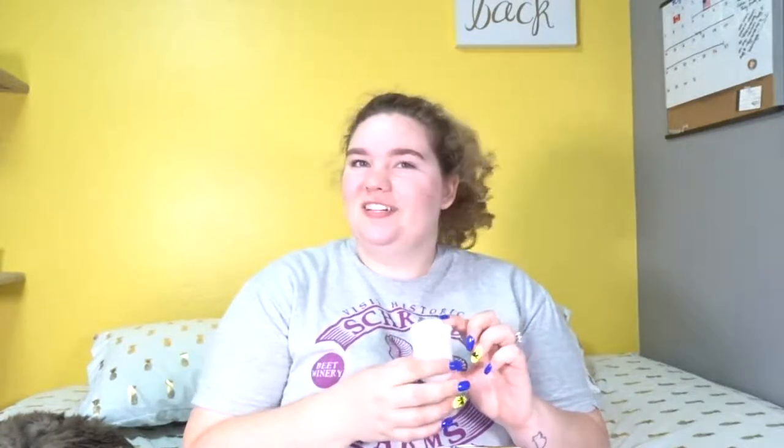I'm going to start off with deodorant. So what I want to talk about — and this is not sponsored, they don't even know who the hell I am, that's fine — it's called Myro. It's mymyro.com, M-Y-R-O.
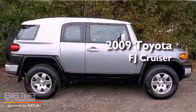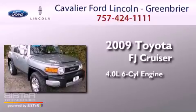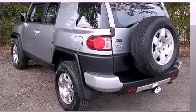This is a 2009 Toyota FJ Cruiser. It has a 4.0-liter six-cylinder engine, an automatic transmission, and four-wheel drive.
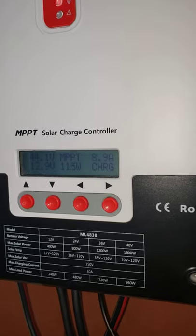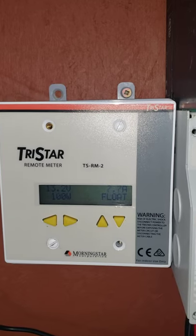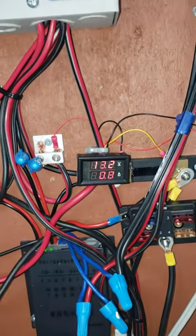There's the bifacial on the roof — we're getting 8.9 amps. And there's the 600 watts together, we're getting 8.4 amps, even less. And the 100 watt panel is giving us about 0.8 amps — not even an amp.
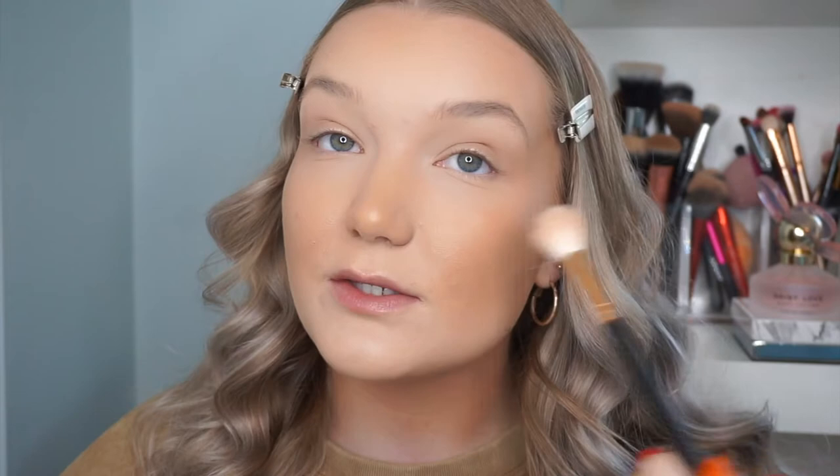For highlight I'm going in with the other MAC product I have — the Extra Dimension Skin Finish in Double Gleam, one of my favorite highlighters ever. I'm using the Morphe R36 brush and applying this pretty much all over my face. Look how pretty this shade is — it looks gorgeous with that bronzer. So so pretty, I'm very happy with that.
* * *
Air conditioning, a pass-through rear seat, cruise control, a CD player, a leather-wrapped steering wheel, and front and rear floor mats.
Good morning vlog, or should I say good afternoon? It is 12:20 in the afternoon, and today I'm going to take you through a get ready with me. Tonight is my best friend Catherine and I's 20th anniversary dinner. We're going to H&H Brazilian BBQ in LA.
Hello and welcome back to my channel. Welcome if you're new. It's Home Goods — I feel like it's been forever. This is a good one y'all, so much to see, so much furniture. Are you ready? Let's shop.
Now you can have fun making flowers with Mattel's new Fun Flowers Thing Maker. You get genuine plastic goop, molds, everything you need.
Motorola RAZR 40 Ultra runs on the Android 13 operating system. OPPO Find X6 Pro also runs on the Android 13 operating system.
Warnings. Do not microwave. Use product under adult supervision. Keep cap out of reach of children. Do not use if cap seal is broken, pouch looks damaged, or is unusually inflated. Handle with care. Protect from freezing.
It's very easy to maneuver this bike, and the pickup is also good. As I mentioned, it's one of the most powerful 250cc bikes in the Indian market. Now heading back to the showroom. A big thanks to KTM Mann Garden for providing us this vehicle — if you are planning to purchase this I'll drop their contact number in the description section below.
...
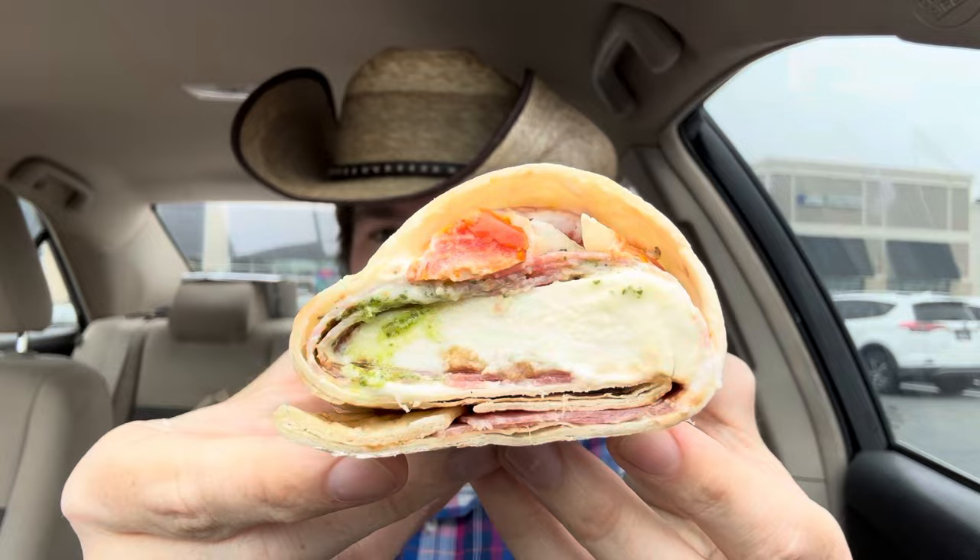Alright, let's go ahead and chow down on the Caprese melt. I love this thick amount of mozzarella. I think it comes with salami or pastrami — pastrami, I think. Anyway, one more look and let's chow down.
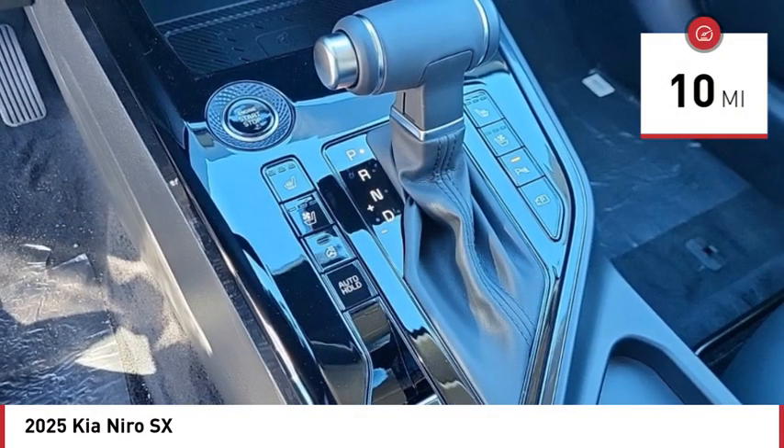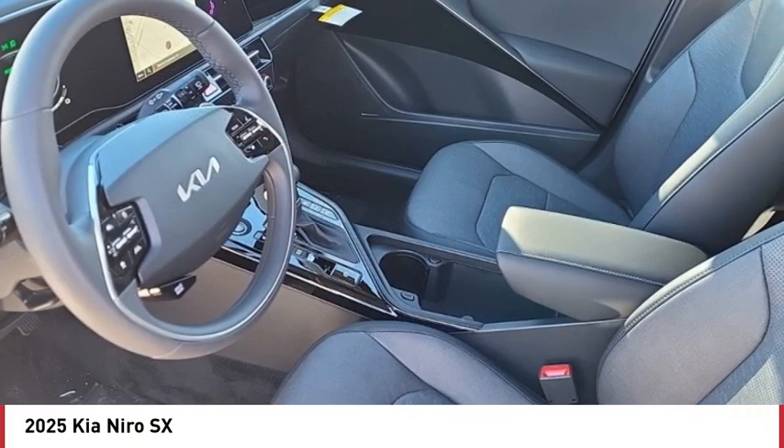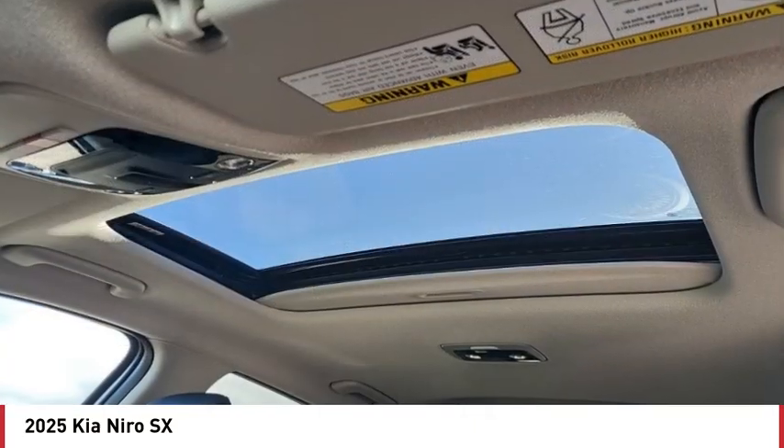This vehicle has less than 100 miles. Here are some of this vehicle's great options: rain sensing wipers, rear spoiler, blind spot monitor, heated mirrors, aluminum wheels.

Your instructions ▸
Quote the data above exactly from the line with "I'm going to start" to the line with "For highlight I'm", both ends counted, and nothing else. Pictures don't go in.

Answer area ▸
I'm going to start off with deodorant. So what I want to talk about — and this is not sponsored, they don't even know who the hell I am, that's fine — it's called Myro. It's mymyro.com, M-Y-R-O.
This is a 2009 Toyota FJ Cruiser. It has a 4.0-liter six-cylinder engine, an automatic transmission, and four-wheel drive.
There's the bifacial on the roof — we're getting 8.9 amps. And there's the 600 watts together, we're getting 8.4 amps, even less. And the 100 watt panel is giving us about 0.8 amps — not even an amp.
For highlight I'm going in with the other MAC product I have — the Extra Dimension Skin Finish in Double Gleam, one of my favorite highlighters ever. I'm using the Morphe R36 brush and applying this pretty much all over my face. Look how pretty this shade is — it looks gorgeous with that bronzer. So so pretty, I'm very happy with that.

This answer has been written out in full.